Objectively, a person standing in a room on Earth isn’t going anywhere, at least relative to the center of the planet’s mass. He may be traveling eastward at a thousand miles an hour if the room is at the equator, or around a little circle with a circumference of only a few feet during a whole day spent at the North Pole. He may be moving with the planet along its orbit around the Sun, and with the Sun in its orbit around the galaxy. But relative to the center of the Earth, he moves not one millimeter, so long as the floor holds.
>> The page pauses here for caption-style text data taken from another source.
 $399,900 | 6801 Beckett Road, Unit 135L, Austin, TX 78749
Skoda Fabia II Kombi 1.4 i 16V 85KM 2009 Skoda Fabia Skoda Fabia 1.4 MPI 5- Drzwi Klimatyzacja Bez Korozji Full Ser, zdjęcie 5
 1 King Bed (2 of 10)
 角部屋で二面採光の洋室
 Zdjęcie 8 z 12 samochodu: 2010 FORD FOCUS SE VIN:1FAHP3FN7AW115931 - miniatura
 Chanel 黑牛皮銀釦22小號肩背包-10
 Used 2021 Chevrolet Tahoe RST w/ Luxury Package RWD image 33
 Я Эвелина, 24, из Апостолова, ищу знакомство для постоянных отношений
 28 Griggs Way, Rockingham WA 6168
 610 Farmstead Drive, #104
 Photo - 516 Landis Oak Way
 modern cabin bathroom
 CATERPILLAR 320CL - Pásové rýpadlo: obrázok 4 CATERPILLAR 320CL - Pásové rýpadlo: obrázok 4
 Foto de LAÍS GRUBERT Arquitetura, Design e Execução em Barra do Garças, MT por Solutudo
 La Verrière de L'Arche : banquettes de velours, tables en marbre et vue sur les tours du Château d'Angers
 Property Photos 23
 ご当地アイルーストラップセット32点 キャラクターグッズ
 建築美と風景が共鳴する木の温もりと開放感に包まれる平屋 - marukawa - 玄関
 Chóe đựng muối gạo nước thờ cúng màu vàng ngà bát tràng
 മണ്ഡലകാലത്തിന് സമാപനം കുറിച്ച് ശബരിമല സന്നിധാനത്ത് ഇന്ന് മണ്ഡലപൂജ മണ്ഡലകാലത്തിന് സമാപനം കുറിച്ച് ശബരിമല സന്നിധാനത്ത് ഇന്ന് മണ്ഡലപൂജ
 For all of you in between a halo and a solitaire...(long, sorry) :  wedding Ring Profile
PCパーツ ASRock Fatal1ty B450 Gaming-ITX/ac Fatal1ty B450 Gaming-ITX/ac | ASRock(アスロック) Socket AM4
Meanwhile, objectively, a person in a room being hauled along at an acceleration of 9.8 meters per second squared is traveling through space at an ever-increasing speed. Within a finite amount of time, something on the order of ten years, at that acceleration—initially about 22 miles per hour, but speeding up all the while—the room and the person would achieve about ten percent of light speed. Within a hundred years or so, if the physics of spacetime allowed it, the person would be traveling at and then exceeding light speed. Of course, according to Einstein, the person’s mass would then increase toward infinity while his perception of time would stop. But otherwise, the person would have no sense of any difference from being quietly positioned on Earth—except that if he had a window, he would see the stars outside blur their colors into the bluer part of the spectrum ahead of him and to red behind him. And if he made a radio call to a friend on Earth, his own voice would be getting lower and slower, while his friend would start sounding more and more like a chipmunk.

Objectively, traveling in a long-haul elevator or on a runaway rocket is not the same as standing on the Earth. The fact of physical acceleration matters. In one case, on the planet’s surface, the acceleration is merely conceptual, the equivalent of increasing speed time over time, but without the actual effects of acceleration. In the other, in the elevator or the rocket, the acceleration is a real motion and has predictable consequences.

The fact is, each of us is accelerating toward the center of mass of the planet from the day we’re born to the day we die and our atoms disperse, and then they keep accelerating in some other form. Conceptually and mathematically, we are all going faster and faster, eventually exceeding theoretical light speed, and yet going nowhere. This is the conundrum I find with any current definition of gravity. And it is associated in the posts referenced at the beginning of this piece as well, which deal with our definitions and conceptions of space and time—the two key components of either gravity-as-force or gravity-as-distortion of that slippery thing called “spacetime.”

We can measure gravity, space, and time. We can envision them as forces or dimensions or other real things. We can write equations about them and manipulate them mathematically. But we don’t really know what they are. And until we do—or meet up the people who have solved this conundrum—our notions of the physical world will remain those of a child.

1. See previous posts in this vein, starting with Fun with Numbers (I) from September 19, 2010, and (II) from September 26, 2010.

2. Need I say here that when orbiting at a comfortable near-Earth distance—say, the Space Shuttle’s maximum service ceiling of 643 kilometers—the apparent weightlessness of people and things is not at all due to this drop-off in, or any kind of final disappearance of, the accelerations of gravity? Instead, in order to achieve a stable orbit, the ship moves fast enough that its fall toward the planet, due to gravity, is countered by its forward momentum, so that the ship is still falling but its point of impact is forever over the horizon.
    In the same way, if you jump out of an airplane and fall toward the planet’s surface, you will apparently become weightless for the time you are still falling. If you take, say, a coin from your pocket and release it from your hand, it will appear to be weightless, too, while falling beside you—except for any difference in wind resistance which may allow the thin coin to fall somewhat faster than your large and obstructive body. Above the atmosphere, however, with no resistance you and the coin would drop in perfect synchrony.